Fairhurst, who left her post as chief justice early this year, did not respond to an interview request made through the Administrative Office of the Courts.

Seeing the light of day

It was the high court’s chief justice who notified WSBA leadership last December of the workplace investigation’s completion and recommended the bar adopt some explicit policy revisions in response to Van Moppes’ conclusions.

“The changes should ensure there are anti-harassment policies and procedures in general as well as clear policies and procedures for handling complaints against a governor,” Fairhurst wrote in a Dec. 9, 2019, letter to WSBA President Rajeev Majumdar and WSBA Interim Executive Director Terra Nevitt.

Fairhurst wrote she had also discussed with Majumdar how her recommendations could be accomplished, though Majumdar says the WSBA did not receive or request Van Moppes’ investigative report at that time.

Later in December 2019, the bar’s board adopted new language in its anti-harassment policy covering complaints against governors. Majumdar says the staff offered very helpful amendments that were included in the policy.

“While the WSBA had to go through some tumultuous times, I think the staff and board were able to come together as a result of this and put policies in place so that we wouldn’t be inclined to be in such a situation ever again,” Majumdar says.

The updated policy calls for the chief justice to appoint an independent ombudsperson who plays a role in determining, along with the WSBA president and HR director, whether the facts stated in a complaint involving a WSBA board member constitute harassment or discrimination. If so, the ombudsperson chooses an outside investigator to review the complaint.

In March, new Washington Supreme Court Chief Justice Debra L. Stephens named Oregon employment lawyer Sarah Hale as the ombudsperson for complaints made against WSBA board members. Hale, an Oregon-based partner at Barran Liebman, previously investigated whether WSBA board member Papailiou was retaliated against by other board members, including Bridges, for reporting Ralph’s sexual harassment allegations. In a January 2019 report to the chief justice, Hale wrote the evidence did not support Papailiou’s allegations.

Meanwhile, President Majumdar says the Washington bar did not seek the Van Moppes report and share it with staff prior to late April because he feared its disclosure might scare employees from participating in future investigations.

“The reason we have requested the report now is because we have learned that the Administrative Office of the Courts determined the record to be public and released it; under those circumstances, we wanted to provide notice to our employees who participated and to be prepared for questions and exposure to the public,” he said in a recent statement.

Nevitt said she agreed with the decision not to seek the report in December, though both she and Majumdar acknowledged many employees likely would have wanted to review it.

“While this report may have been one that people would like to see out there and published, I can imagine there might be other investigations we might conduct that they might feel differently about,” Nevitt said in an interview.

Papailiou, who while on the WSBA board pushed unsuccessfully for remedial action to be taken against Bridges because of the Ralph incident, criticized the bar for its lack of transparency that only his successful records request ended.

“The report confirms what has been obvious to any neutral observer: that is the Board of Governors has acted unprofessionally and contrary to the values of our profession as attorneys and stewards of public justice,” says Papailiou, a public records and appellate litigator based in Yakima, Washington. “It is unfortunate that it took so long for the truth to come to light.”

As for the Washington Supreme Court, it met on May 7 to discuss Van Moppes’ report.

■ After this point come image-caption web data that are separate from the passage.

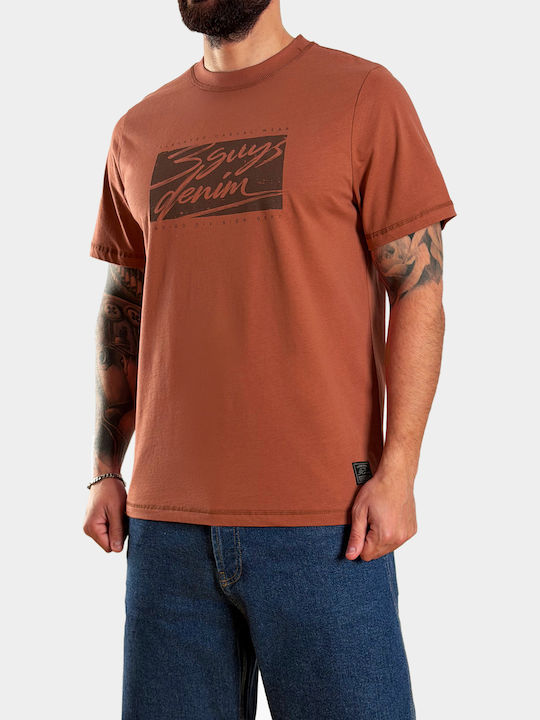 3Guys T-shirt Καφέ Σκουριάς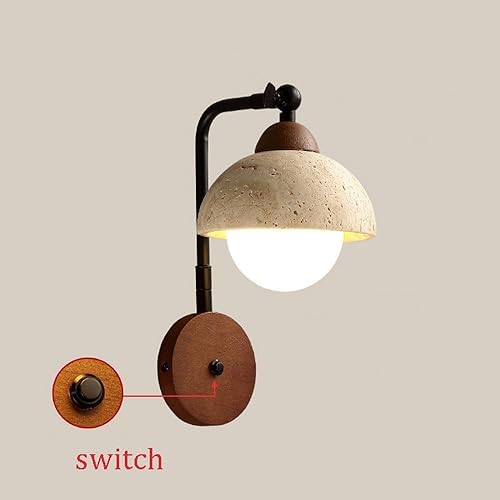 Miniatura 5 de Yellow Travertine Wall Mounted Lamp Vintage Farmhouse Wood Wall Light Fixture Modern Natural Stone Wall Sconce with Switch and Adjustable Rotation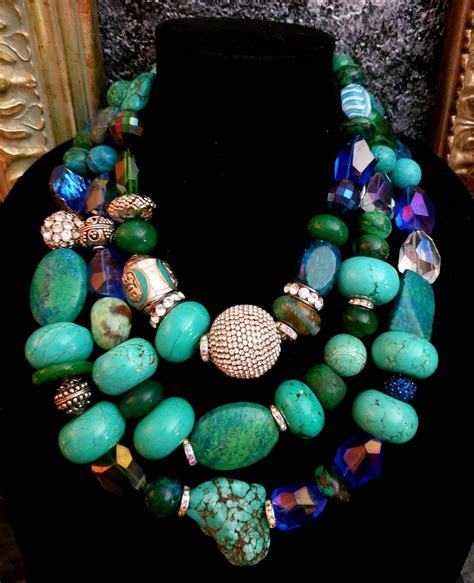 Blue Green Jeweltone Mixed Media Multi Strand Beaded Socialite Etsy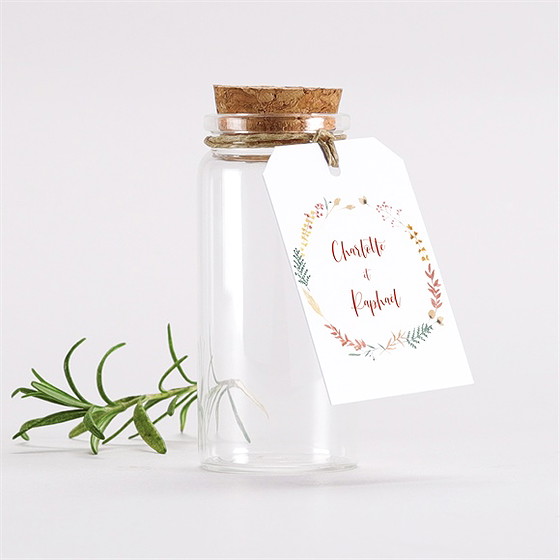 Boîte de dragées mariage terre de feu mignonette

Afterward, Chief Justice Stephens sent a letter to WSBA leadership saying, in part, “in light of the important issues raised in the report” the court was requesting an update on the board’s relationship with executive leadership and staff interactions with the board, among other topics.

“Please provide the update as soon as reasonably practicable, and please plan on providing an update covering the same information in six months and again in 12 months,” wrote Stephens, who also addressed the letter to the ombudsperson for WSBA matters.